The “Tao” of Continuing Creation — J.X. Mason’s Blog Post of 7-21-2020.
The past few decades have seen books with titles like, “The Tao of Physics, “The Tao of Pooh,” “Zen and the Art of Archery,” “Zen and the Art of Motorcycle Maintenance,” and many more. If you’re curious about The Tao and/or about Zen, I’ve written a 15-page Essay — Evaluating Taoism and Zen — that lays them out for general readers. The Essay is avaliable at www.ContinuingCreation.org. Today’s Blog is taken from that Essay.
Of all the world’s great spiritual traditions, Chinese Taoism and Japanese Zen are most like our own Way of Continuing Creation. In fact, “the Tao” translates into English as the Way, and your author, J.X. Mason, almost named his Book, The Tao of Continuing Creation instead of The Book of Continuing Creation.
In other Essays, we’ve said that the Process of Continuing Creation goes on and on in ever increasing elaboration, as long as the sun can supply energy to the open energy system we call Earth.
Similarly, Chapter #4” and also #34 of the Tao Te Ching read, in part,
The Tao is like a great well:
Used but never used up…
… filled with infinite possibilities…
It is hidden but always present.
The great Tao flows everywhere.
All things are born from it,
Yet it doesn’t create them.
It pours itself into its work,
Yet it makes no claim.
In other words, The Tao is immanent. It is similar to saying “Jesus is with us always.” But Taoists do not attempt to “walk with” or “talk to” the Tao as Christians believe they do with Jesus. Instead, Taoists meditate and center themselves in the flow of the Tao. The Tao is more like the flow of all Earth’s rivers and streams, or the flow of the sun’s energy through all living things, than it is to a personified God such as Jesus.

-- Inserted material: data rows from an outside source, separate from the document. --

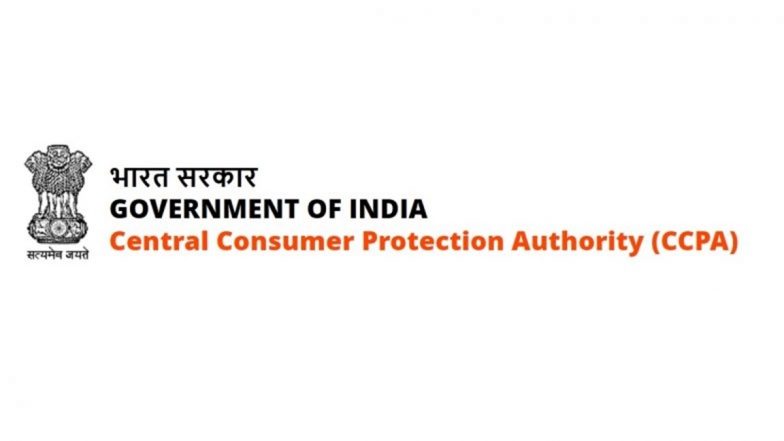 Misleading Ads Crackdown: CCPA Imposes Penalty of INR 8,00,000 Each on 2 IAS Coaching Institutes for Misleading Advertisements, Unfair Trade Practices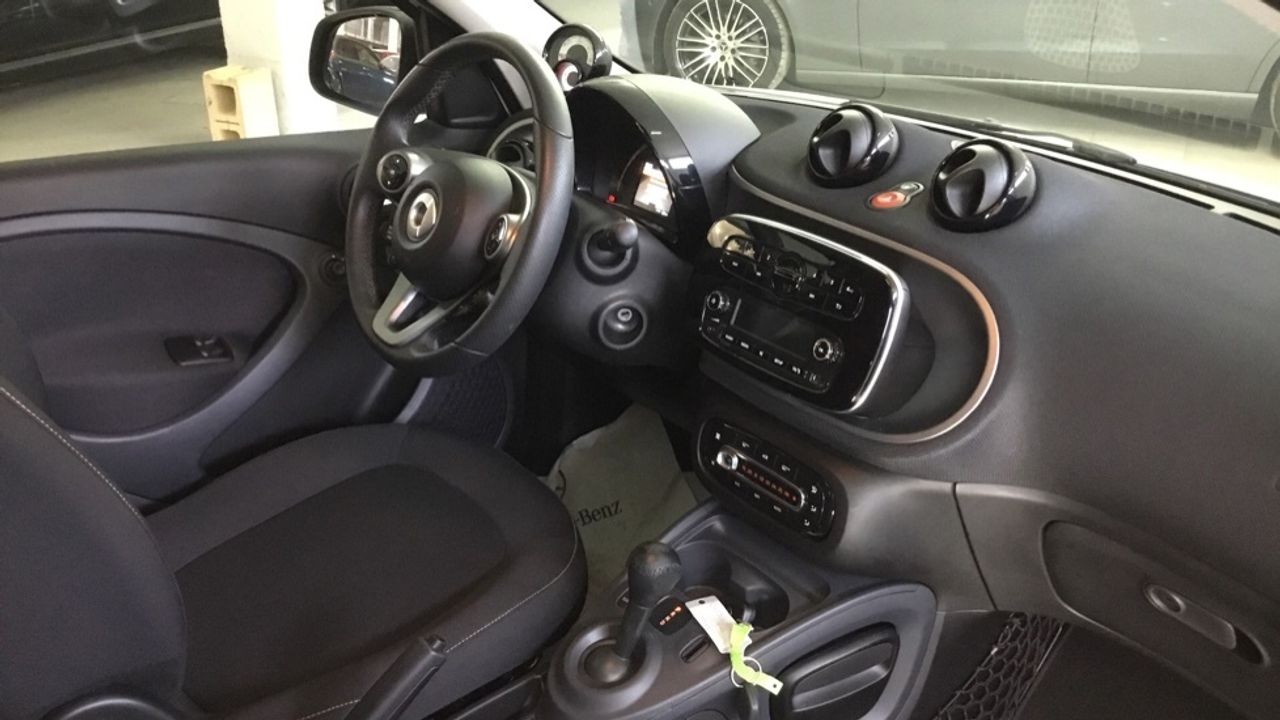 smart-forfour-60kw81cv-eq-imagen-9
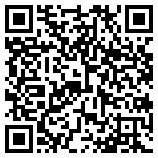 QR Code for Treehouse Mortgage Group in Royal Oaks, CA 95076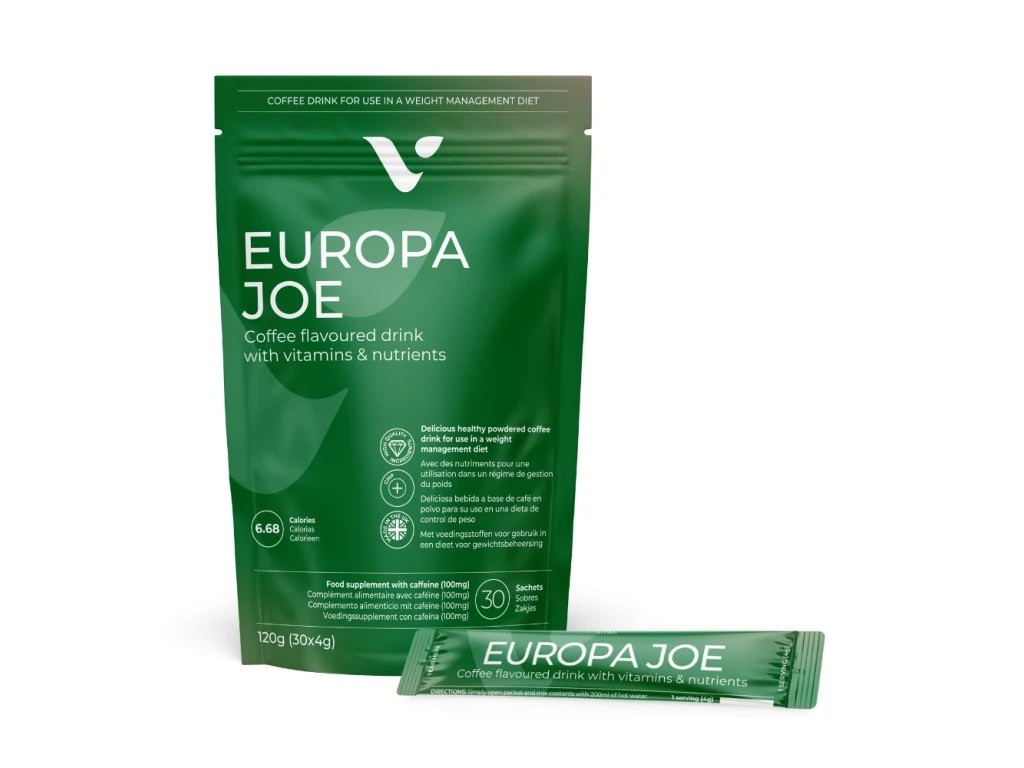 82521_europa-joe-valentus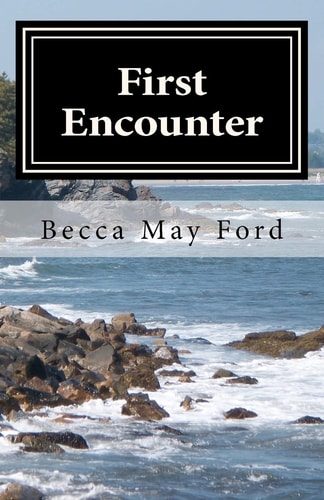 First Encounter A Romiean Recension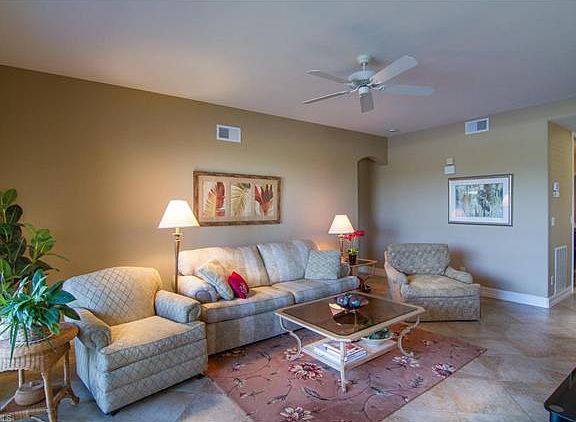 4th image of 21501 Pelican Sound Dr Unit 101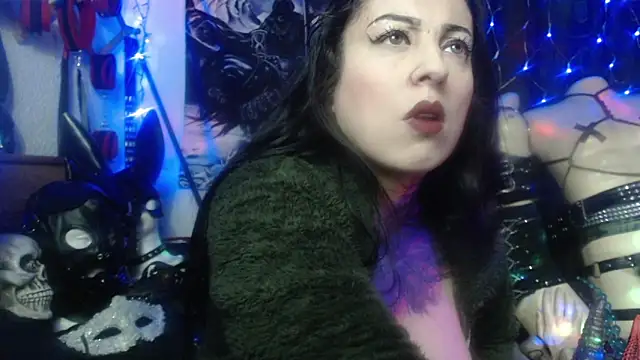 Snapshot of Astartexxx chatting on 10/20/25, 04:02 Astartexxx online show from 10/20/25, 04:02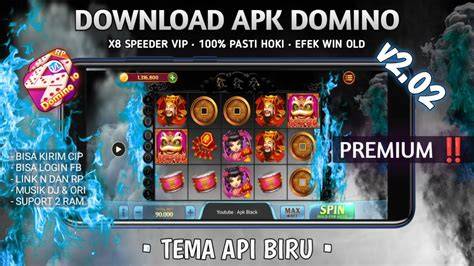 Kakek meEsuUm download mod higgs & premium family murah Santai main domino 148 kali lipat image 2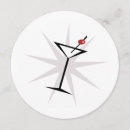 Search for 1950s cocktail party invitations Alcohol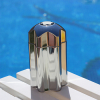 Mont Blanc - Emblem Intense eau de toilette parfüm uraknak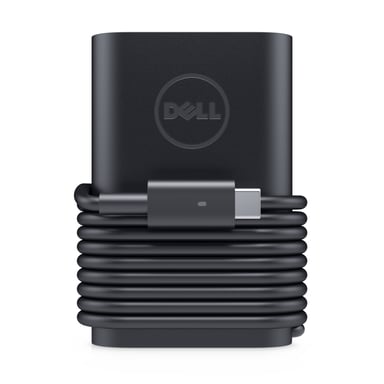 DELL 492-BBUS adaptateur de puissance & onduleur Intérieure 45 W Noir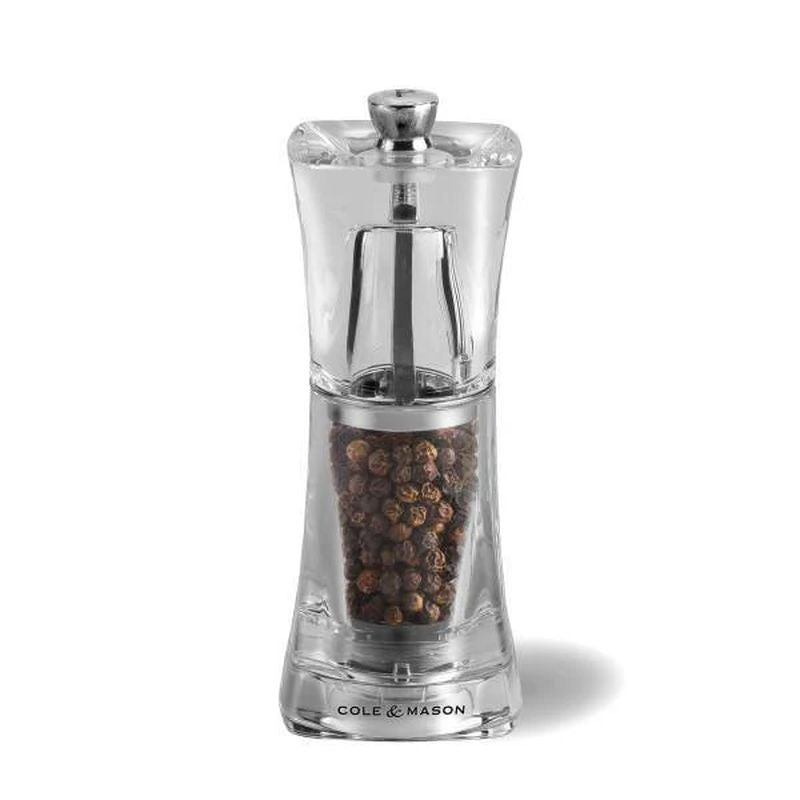 cole-mason-crystal-salt-pepper-mill-set-12-5cm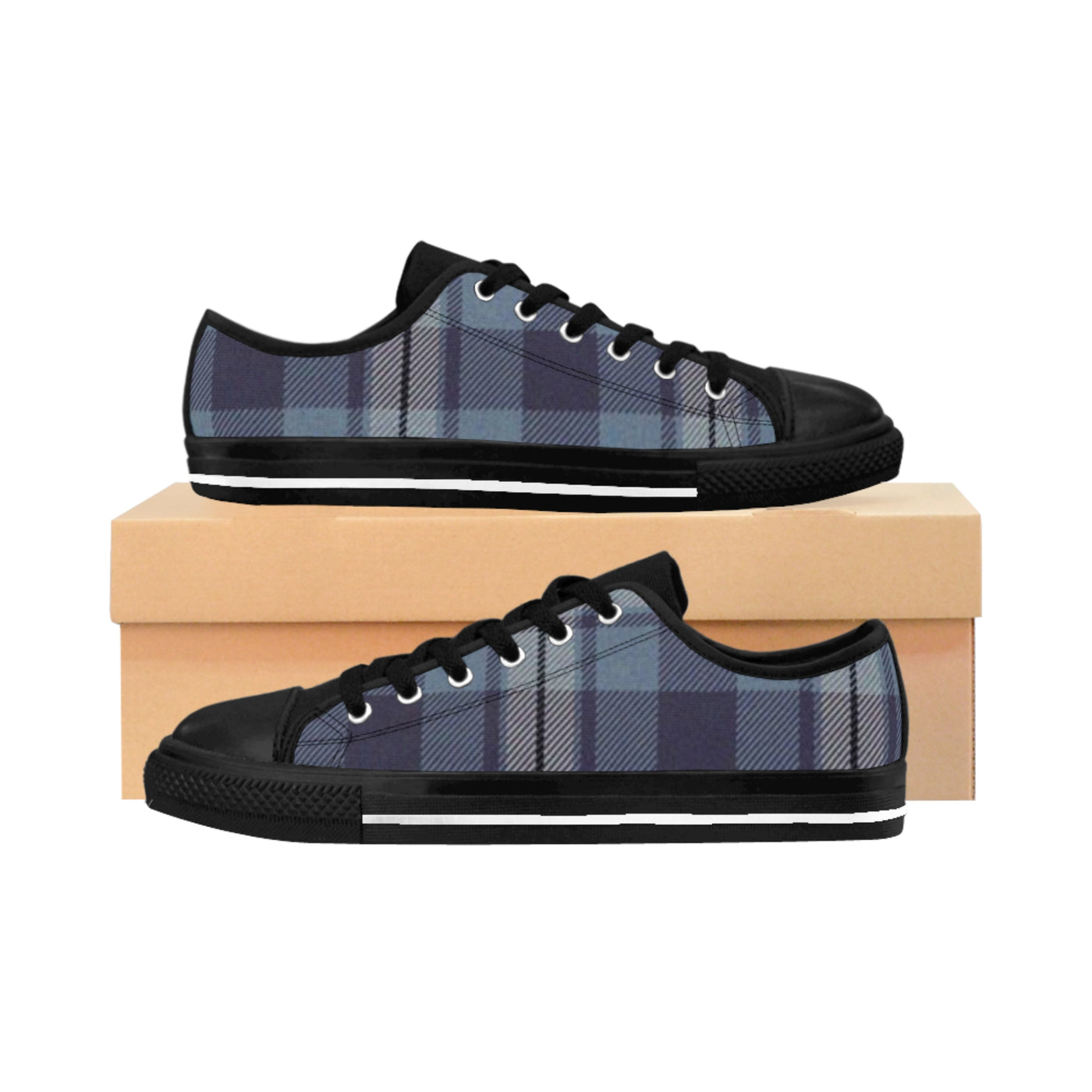 Men's Sneakers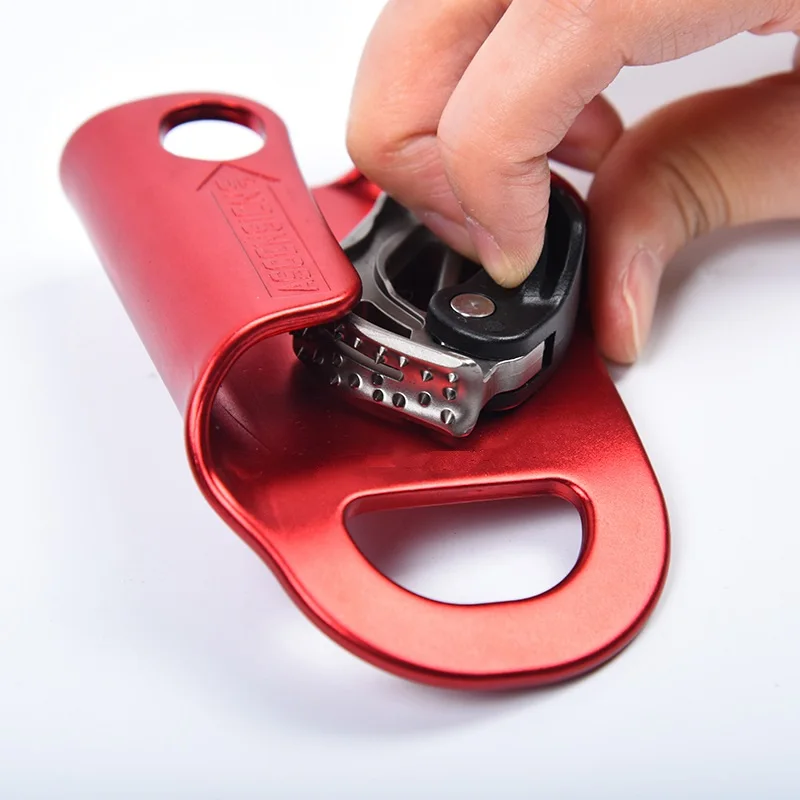 Thumbnail 2 - #89 Best Climbing Ropes to Buy In 2026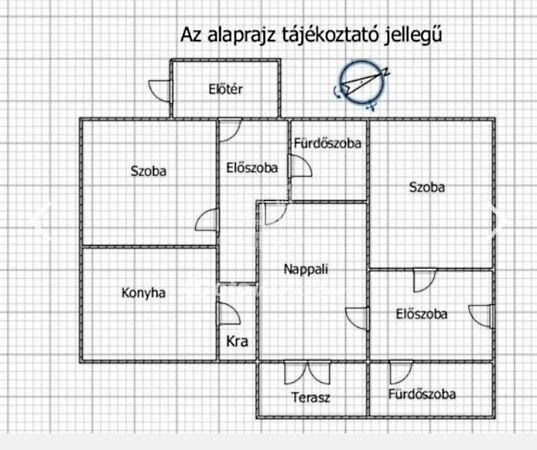 Érd Parkváros 2 ház 1, Érd 2. képe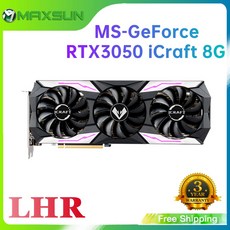 e3efd34f4e68e9b7413c47fa9f138930744b864e12d073502e0474bcf521.jpg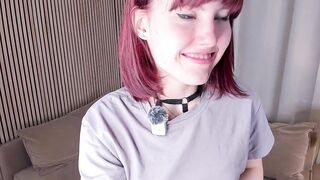 _shiningstar Hot Porn Video [Chaturbate] - natural, young, smalltits, shy, teen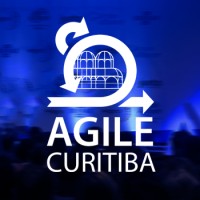 Agile Curitiba logo - Similar company to Carneiro Colchões Em Curitiba - Colchões Artesanais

The Concept of the Tao vs. the Western Concept of God
The Tao is omnipresent; powerful but non-omnipotent; not omni-benevolent; and not omniscient (because The Tao does not sense or care what humans are doing). Why? Because the Tao is not a sentient, communicating “person.” We hold that the concept of an impersonal flow is more realistic portrayal of our world and our lives than is a world under the command and control of a person-like (anthropomorphic) God.
According to Taoism, How Was the World (Universe) Created?
To answer this question, we can do best by quoting Alan Watts’ book, The Way of Zen:
“The important difference between the Tao and the usual idea of God is that whereas God produces the world by making (wei), the Tao produces it by “non-making” (wu-wei) – which is approximately what we [westerners] mean by growing… Because the natural universe works mainly according to the principles of growth, it would seem quite odd to the Chinese mind to ask how it was made.”
— Alan Watts, The Way of Zen, 1957, Vintage Books, pp. 16-17.